Guyana crafting Sovereign Wealth Fund legislation

Last Updated on Wednesday, 25 November 2015, 15:23 by GxMedia

Guyana will next year table legislation in the National Assembly to create a Sovereign Wealth Fund (SWF), ahead of commercial drilling for oil by American oil giant, Exxon Mobil, Minister of Governance Raphael Trotman announced Wednesday.

Addressing the opening of a workshop on the SWF’s creation at the Arthur Chung Conference Centre (ACCC), he said the Bill would be laid in the House before the end of 2016 for scrutiny and debate as well as inputs from the wider Guyanese public.

“Nationwide consultations will be held both before and during the process of finalizing this policy through necessary legislation,” he said.

The Canada-based University of Calgary, which has a significant expertise in SWFs, is conducting the workshop through the courtesy of the Canadian government.

While much appears to be linked to Exxon-Mobil’s discovery of  a huge oil deposit offshore Guyana’s Essequibo region, he said monies accrued also from gold, diamonds, bauxite, sand, stone and water would be deposited in such funds. “Earnings from all of our natural resources will be housed within resource wealth management funds to the benefit of all Guyanese in three key areas,” he added.

They, he said, are savings for future generations, budgetary support in times of economic downturn, infrastructural development such as roads in hinterland communities and schools.

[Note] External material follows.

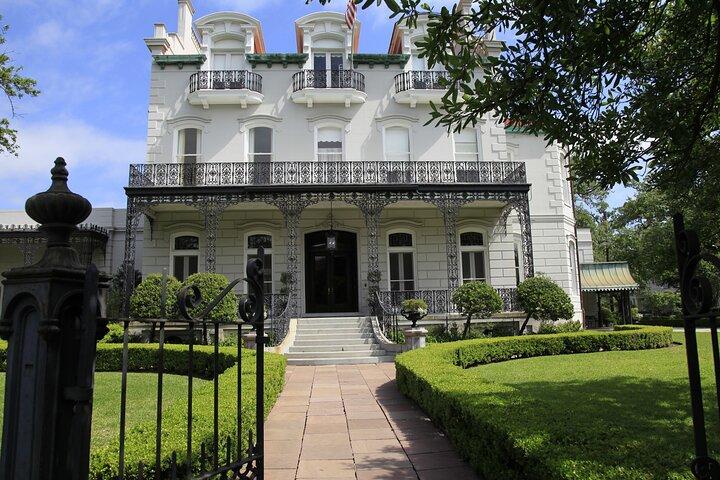New Orleans Garden District - À votre rythme. Visite audiovisuelle téléchargeable.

Participants-who are drawn from the Ministry of Finance, Department of Natural Resource and the Environment, Guyana Forestry Commission, Guyana Geology and Mines Commission, Bank of Guyana and the Environmental Protection Agency- will be introduced to existing models, share experiences and prepare Guyana for a “wave of wealth that will not pass again in our lifetimes.”

Other areas to be considered include whether the SWFs should be held in Guyana or overseas, and new fiscal and legal structures that will guide the sustainable exploitation of extractive industries.

Forty-six countries have SWFs that are governed by rules on savings, timing of withdrawals and areas of expenditure.